Sabtu, 06 November 2010

Pertemuan Pertama

CERPEN         
       
           Itukah dia? Tubuhnya dibalut oblong biru murahan dipadu jeans hitam dengan jahitan benang merah. Tinggi berkisar  165 cm dengan badan sedikit gempal, menyender pada sisi etalase "Contempo" di pelataran pertokoan BIP (Bandung Indah Plaza).Jarak 10 meter,membuat aku leluasa menilik raut mukanya.Wajahnya bulat,hidungnya tidak begitu mancung.Kulitnya yang putih tidak mampu mengatrol nilai penampilannya.Ah ... Herman,kamu ternyata biasa-biasa saja! Jauh dari gambaran cowok idola.
       Kutinggalkan dengan tergesa Jalan Merdeka.Teriknya matahari seakan menyengat.Akhir-akhir ini Bandung terasa panas sekali.Padahal matahari sudah melampau titik kulminasinya.Kupercepat langkah menuju arena parkir. Kupacu "astrea" ku. jarum pada speedometer menunjuk angka 80. Bukan tanpa alasan kalau gas sepeda motor kutambah. Aku takut Herman memergokiku. T-shirt biru dan jeans hitam yang melekat ditubuhku, cukup untuk membuat Herman mengenaliku. Kusimpan motorku dihalaman samping. Kujajaki kerikil halaman rumahku. Kuterobos pintu rumahku.Tidak ada siapa-siapa di rumah.Sepi. Mama dan papa masih dikantor. Kakakku mungkin lagi asyik di kampusnya. Hanya bi Narsih yang menyambut kedatangnaku. 

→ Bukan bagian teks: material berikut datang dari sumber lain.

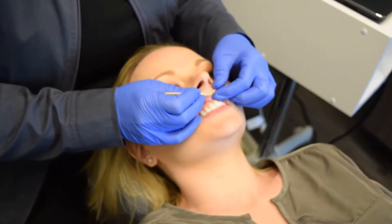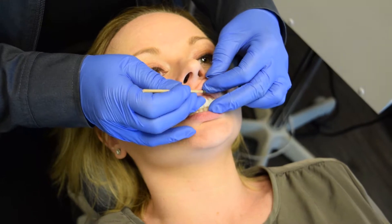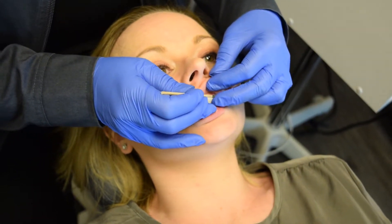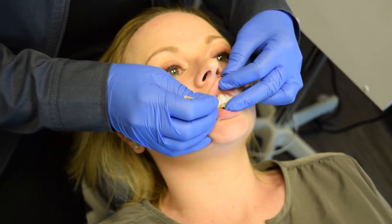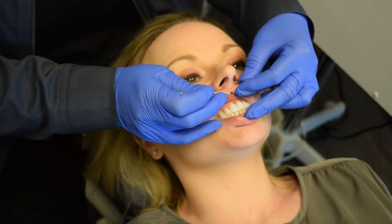Dealing with a digital impression or traditional, we like to mark the midlines first. That's what we're doing here on this patient — marking the midlines — because you want the midline of the appliances to line up the same as it is when their central occlusion bite is like you see here.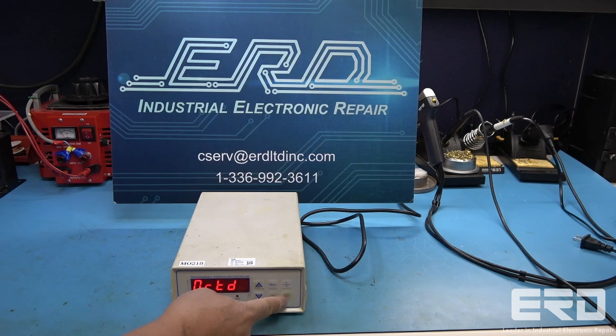ERD performs many repairs on visual items, such as this temperature controller, and many times we can simulate the input to verify operation.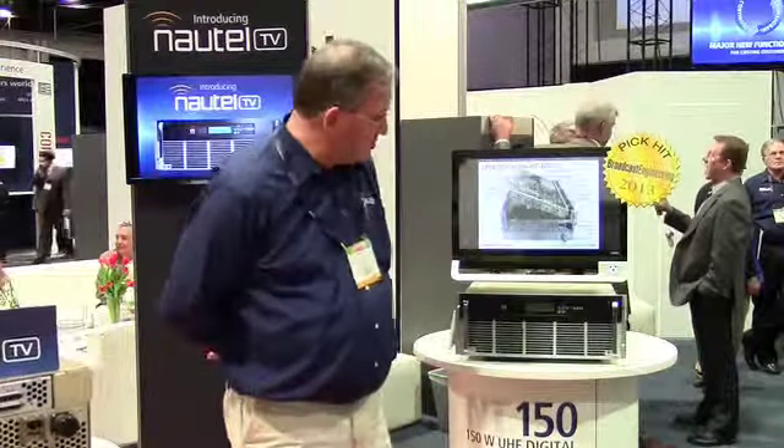Hi, I'm Chuck Kelly with Nautel and I'm here to introduce to you the Nautel NT series of UHF low-powered television transmitters, all digital. These transmitters come in three models: 150 watts, 250 watts, or 500 watts.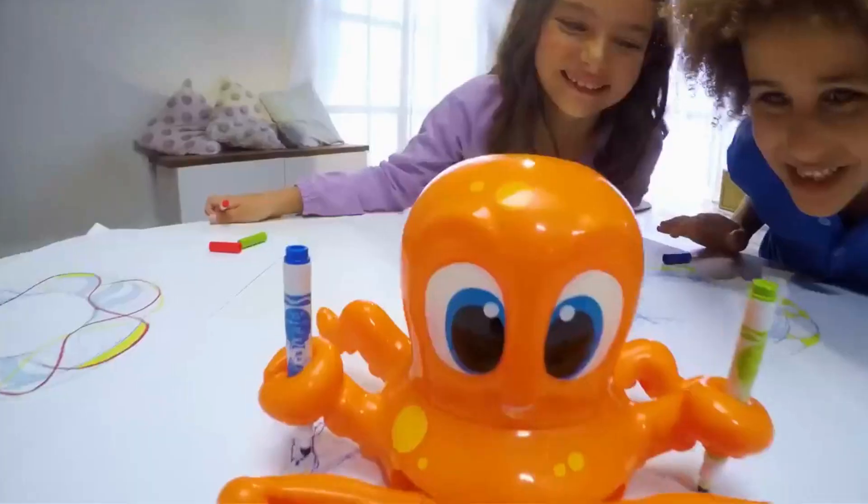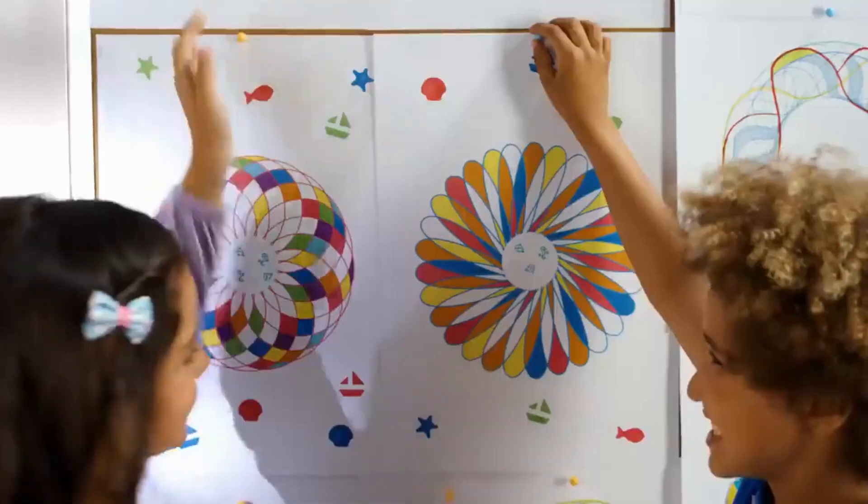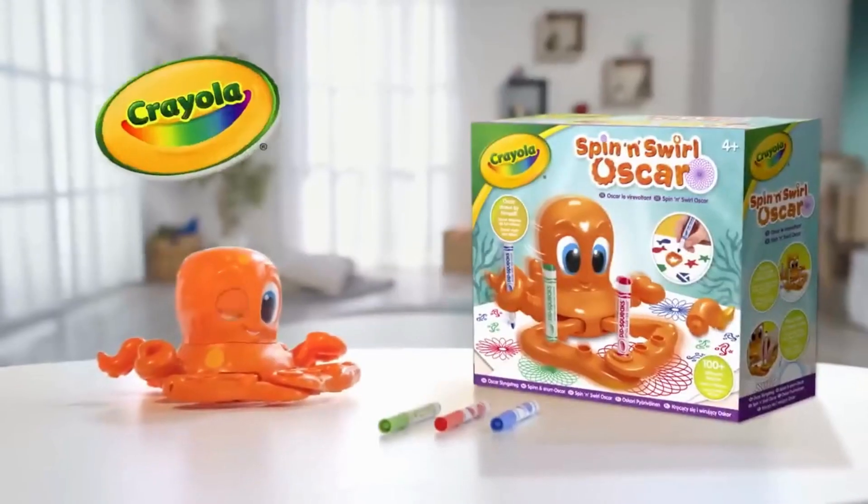Now it's time to colour. It's so much fun! Use the special stampers and the stencils to create your own designs. Spin and Swirl Oscar from Crayola.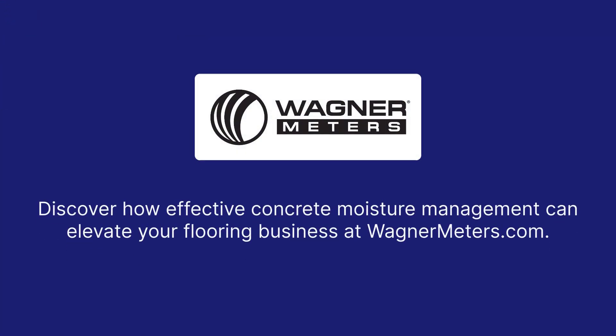Discover how effective concrete moisture management can elevate your flooring business at wagnermeters.com.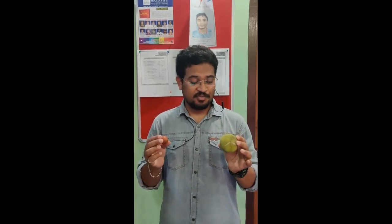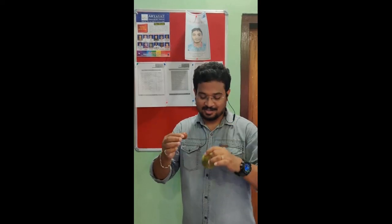Hello friends, we have two balls of different mass and size in my hand. So if we release them from same height simultaneously, then which one will reach the ground first? Let us check it.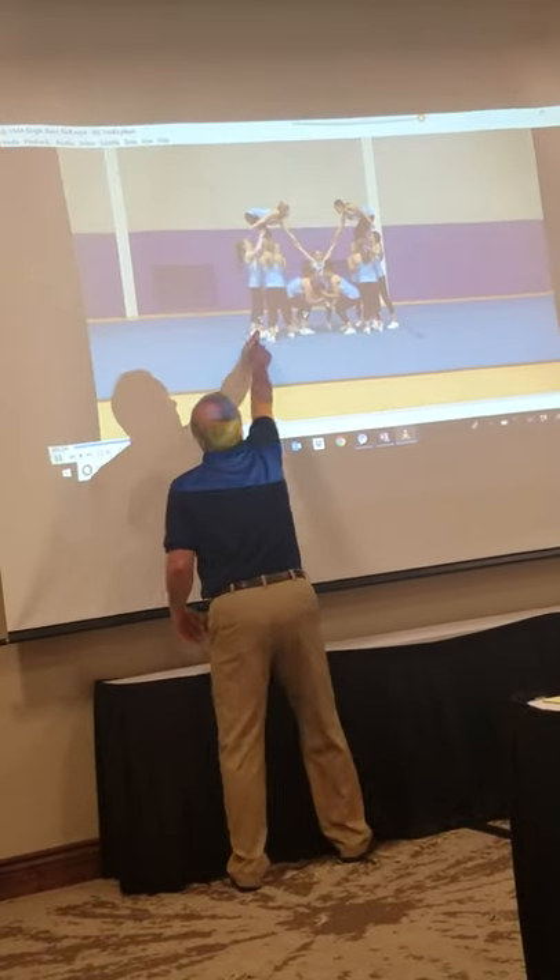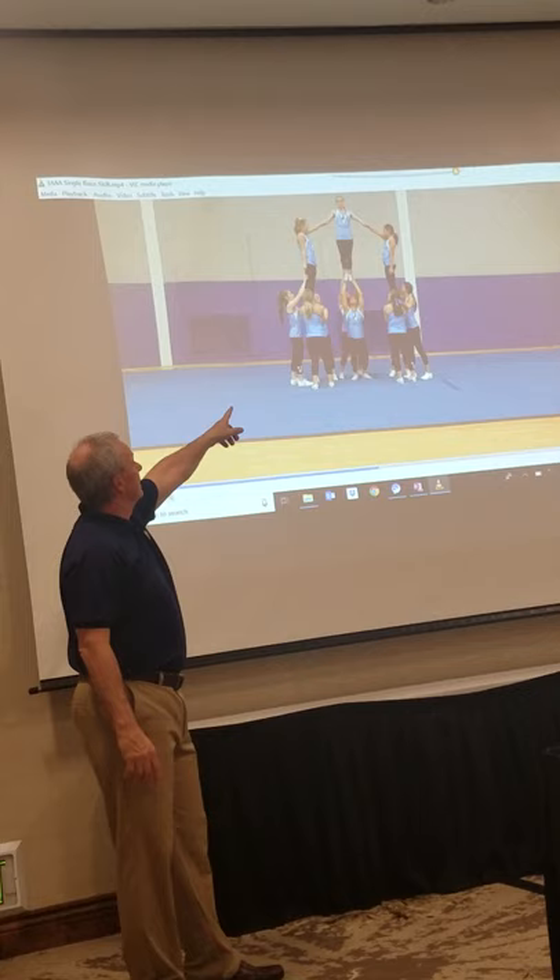Totally removed that one — you can remove the spot, and now you've only got two underneath. But since that's a legal single base stunt, then that is a legal release back to a legal single base stunt.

           Kutuang sirup dan air es kedalam gelas. Kuaduk.Ku minum dengan sekali teguk. Glek. Tandas. Rasa segar segera menjalari kerongkongan.Cukup untuk sementara menyejukkan hati yang kesal. Kulirik jam besar dinding ruang makan, pukul tiga. Barangkali satu dua jam cukup untuk menghilangkan rasa kesalku dengan tidur siang. Belum aku melayang- layang kealam mimpi, pintu kamarku ada yang mengetuk. " neng ada temannya," suara Bi Narsih hati-hati. Siapa yang datang siang-siang begini ? ganggu acara tidur aja ! Meski begitu, segera kubenahi dandananku.Ku sisir rambutku. Kurapikan t-shirt biru ku. Kulihat seorang pemuda duduk tertunduk.Wajahnya ditekuk dalam-dalam diruang tamu.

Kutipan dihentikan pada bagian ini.